First, let’s assume that you have properly narrowed the list of investors and/or venture firms you are approaching through screening and selection. Hopefully you’re been introduced by someone known to the venture capitalist. If not, you must go through the front door and expect to leave lots of voicemails before an analyst or associate follows up on behalf of the Partner.

Don’t be discouraged if they ask that the meeting be rescheduled once or twice due to conflicts that come up. But don’t let them hang up without at least trying to pin down another date/time. Getting that first meeting will require your marketing charm. Sometimes the comment that might work is something like, I plan to be in town for a meeting on Thursday from 1:00-2:00, and would like to come by either before or after that meeting to spend 20 minutes with you, to put a face together with the plan you are reviewing.

You may think you’ve chosen the right person in the venture firm to become the sponsor of your deal. If you’ve chosen the wrong person and he or she is not be senior enough, or perhaps too senior and no longer very active with selecting and overseeing investments . . . or perhaps doesn’t possess the industry or technical background, or is too overcommitted to spend time on it, etc., your effort may not lead to a meeting. Your goal is to find the most suitable individual and establish a relationship with them so that ultimately they will lobby on your behalf within their organization. If the first person you contact within a firm doesn’t seem to connect with you, either through demonstrated apathy or a personality difference, it’s not easy to switch, and it may be out of your hands, but you should try anyway. Perhaps another partner at the meeting showed greater interest. Keep their names and business cards straight to you can reach out to that individual on some pretense. This is important because if you haven’t connected with the right person or someone on a personal level, it is unlikely that they will carry you to the finish line, and their firm will not fund your company.

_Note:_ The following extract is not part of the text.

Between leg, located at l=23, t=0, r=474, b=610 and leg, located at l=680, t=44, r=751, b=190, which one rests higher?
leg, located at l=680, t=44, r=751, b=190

A few years ago we met with a firm that had come to us through a referral source, and we visited them. I was left uninspired and I told my partner who accompanied me that I thought we should pass, and I thought that this would be the end of it. However my partner said that he liked the business and we shifted the responsibility for sponsoring the firm to him. We subsequently funded the Company. Among the partners, we truly have different tastes. But we’ve come to understand each other’s preferences and now are able to suggest to one another where they might be better suited to work with a particular company.

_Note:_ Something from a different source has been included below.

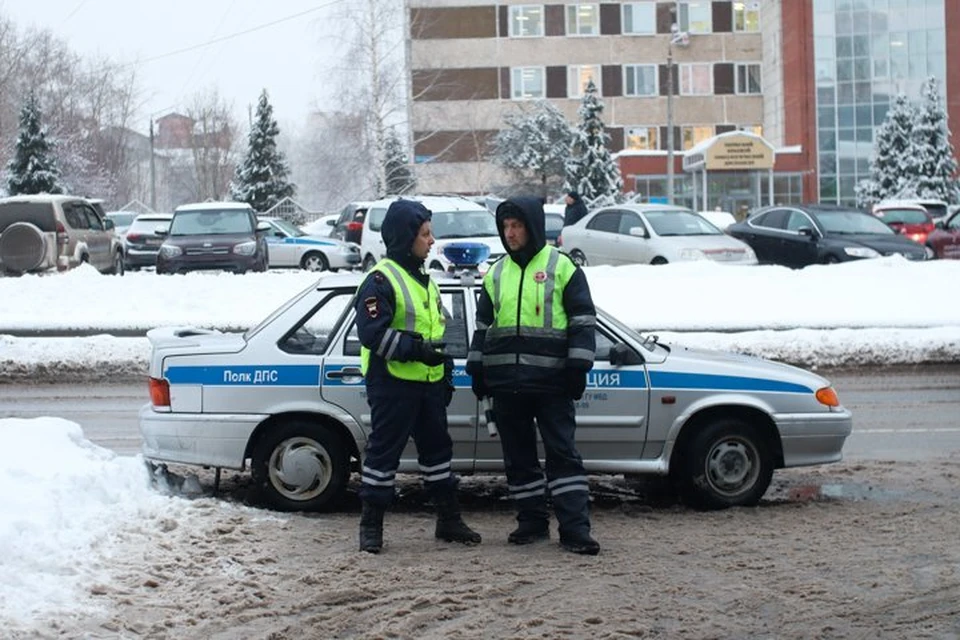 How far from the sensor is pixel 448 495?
23.9ft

Some companies get attention simply because of the persistence of the entrepreneur. Each time you speak with the partner, introduce something about your company that will interest them as well as educate them about your company, and keep notes on your conversations.  Each call should show progress such as, “We just signed up XYZ Corporation and they will begin with our service next month!” Don’t simply call them to find out if they received the plan, or if they have any questions. You should offer to meet with them at their offices, not yours, unless they offer to come visit you. The average investor or venture capitalist is terribly busy, and can more efficiently work when a company schedules their first meeting at their office, not the company’s office. You might prefer to have them come see your product, your plant, your working model, etc., but the benefit of that is outweighed by the greater likelihood of scheduling a meeting much sooner, and the possibility that the person you are speaking with will invite one or more of his/her colleagues to join the meeting, thus increasing the likelihood that interest will develop. So, plan to create an effective demonstration that can be done at their office.

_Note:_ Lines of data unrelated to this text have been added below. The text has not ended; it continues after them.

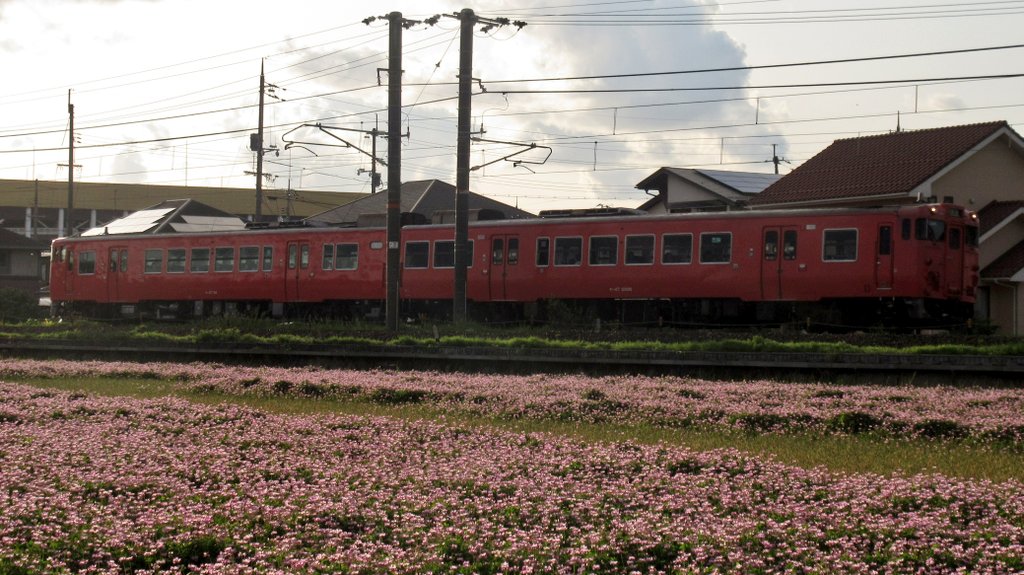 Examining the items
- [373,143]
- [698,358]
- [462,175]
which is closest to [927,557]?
[698,358]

Strategic Corporate Investors

A couple of decades ago many large corporations such as IBM, Olivetti and others invested millions into young companies, and in the case of IBM, billions, leaving them with a minority stake in companies they thought possessed technology or a product. After a few years IBM asked a national accounting firm to value these investments into which they had invested billions, and the firm came up with a total of a couple of hundred million dollars. So ended that phase of IBM’s venture investment program. However like most things in life, corporate investing goes in cycles, and IBM and many other companies are back in the investing game, although they are targeting larger, later stage companies with revenue in excess of $10 million/year.

Corporate investors are willing to consider investments in new ideas and technologies, investing from a few hundred thousand dollars on up into the millions. However corporations are not well equipped to evaluate and oversee venture investments and typically consume inordinate amounts of a young company’s precious time during the review process leading up to a decision. Yet they can be the most appealing of investors when you can land them! They can leverage your business into markets it would otherwise take years to penetrate, share technology with you, and might be more willing to invest at a higher valuation than venture investors. But CFO’s of such companies usually dislike having to book an equity investment on their balance sheet and can be counted on to vote no. But the greatest risk is that they will meet with you time and time, as they take you through their committee process, pump you dry as they seek to understand your business and your technology (so be sure you have executed confidentiality agreements), and call repeatedly for meetings, at their office . . . and nearly always decide not to invest. Beware! But sometimes they DO invest, so it is worth considering.

Here are some examples of Corporate Investors.

Recently a startup firm in the Worcester area that was at the pre-revenue stage was in discussions with Intel regarding a $1 million investment. Intel was very interested in their process, and ultimately made a $1 million investment. However a couple of years later when the firm required additional capital, Intel declined to make any further investment. Most venture capital firms, on the other hand, almost always reserve an amount equal to their initial investment for follow on investing.

Another firm had developed a pump technology that was revolutionary and caught the attention of the country’s largest pump manufacturer. Instead of an investment they acquired the company, agreeing to an initial payment of $3 million, plus a payment based partly on performance in 5 years, and again in 10 years. Within a year management at the large company had changed, and the relationship between the two companies turned chilly. Four years later management of the smaller company bought back the stock under very attractive terms.

A firm that we were in discussions with was raising $3 million for their vending machine software and data collection system that had sales approaching $1.5 million, received an offer to sell their company outright for $15 million, plus incentives on future performance. The offer was sufficiently attractive for them to take the money and end what might be years of capital raising cycles, but also end the dream of building a substantial enterprise under independent ownership. They accepted the offer and the CEO moved on.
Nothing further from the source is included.